**Recorded information:**

=-=-=-=-=

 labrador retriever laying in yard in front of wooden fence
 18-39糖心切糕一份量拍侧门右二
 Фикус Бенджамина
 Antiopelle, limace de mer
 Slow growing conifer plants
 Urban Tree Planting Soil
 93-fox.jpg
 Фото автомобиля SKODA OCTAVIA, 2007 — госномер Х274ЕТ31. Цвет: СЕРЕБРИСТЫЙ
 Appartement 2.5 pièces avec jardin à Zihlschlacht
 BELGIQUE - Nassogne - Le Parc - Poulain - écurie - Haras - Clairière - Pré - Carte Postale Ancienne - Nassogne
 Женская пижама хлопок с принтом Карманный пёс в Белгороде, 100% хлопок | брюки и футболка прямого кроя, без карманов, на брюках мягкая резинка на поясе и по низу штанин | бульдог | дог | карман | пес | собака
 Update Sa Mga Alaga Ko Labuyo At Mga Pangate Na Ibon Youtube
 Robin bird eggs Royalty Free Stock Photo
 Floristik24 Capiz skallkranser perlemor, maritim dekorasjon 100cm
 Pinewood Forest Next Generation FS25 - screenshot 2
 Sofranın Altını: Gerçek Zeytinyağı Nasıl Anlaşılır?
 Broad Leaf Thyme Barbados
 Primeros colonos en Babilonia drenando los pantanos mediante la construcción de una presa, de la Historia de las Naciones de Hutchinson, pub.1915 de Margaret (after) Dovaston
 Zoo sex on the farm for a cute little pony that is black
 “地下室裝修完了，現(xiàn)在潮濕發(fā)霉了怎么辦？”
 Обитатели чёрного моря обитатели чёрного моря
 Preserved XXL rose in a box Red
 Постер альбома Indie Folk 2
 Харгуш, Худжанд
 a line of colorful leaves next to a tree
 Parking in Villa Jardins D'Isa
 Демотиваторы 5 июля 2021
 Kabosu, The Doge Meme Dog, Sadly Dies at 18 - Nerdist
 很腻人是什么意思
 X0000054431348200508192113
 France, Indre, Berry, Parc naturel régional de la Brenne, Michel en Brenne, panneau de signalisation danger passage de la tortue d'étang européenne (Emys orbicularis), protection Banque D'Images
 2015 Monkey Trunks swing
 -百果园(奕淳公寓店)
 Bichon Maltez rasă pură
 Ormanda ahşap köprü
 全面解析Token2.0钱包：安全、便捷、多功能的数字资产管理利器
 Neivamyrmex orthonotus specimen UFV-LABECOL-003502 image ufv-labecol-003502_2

=-=-=-=-=

**Requirement:**
All lines from the beginning of the entries through the line marked "Женская пижама хлопок" are to be output exactly; nothing else belongs in the answer.

**Answer space:**
 labrador retriever laying in yard in front of wooden fence
 18-39糖心切糕一份量拍侧门右二
 Фикус Бенджамина
 Antiopelle, limace de mer
 Slow growing conifer plants
 Urban Tree Planting Soil
 93-fox.jpg
 Фото автомобиля SKODA OCTAVIA, 2007 — госномер Х274ЕТ31. Цвет: СЕРЕБРИСТЫЙ
 Appartement 2.5 pièces avec jardin à Zihlschlacht
 BELGIQUE - Nassogne - Le Parc - Poulain - écurie - Haras - Clairière - Pré - Carte Postale Ancienne - Nassogne
 Женская пижама хлопок с принтом Карманный пёс в Белгороде, 100% хлопок | брюки и футболка прямого кроя, без карманов, на брюках мягкая резинка на поясе и по низу штанин | бульдог | дог | карман | пес | собака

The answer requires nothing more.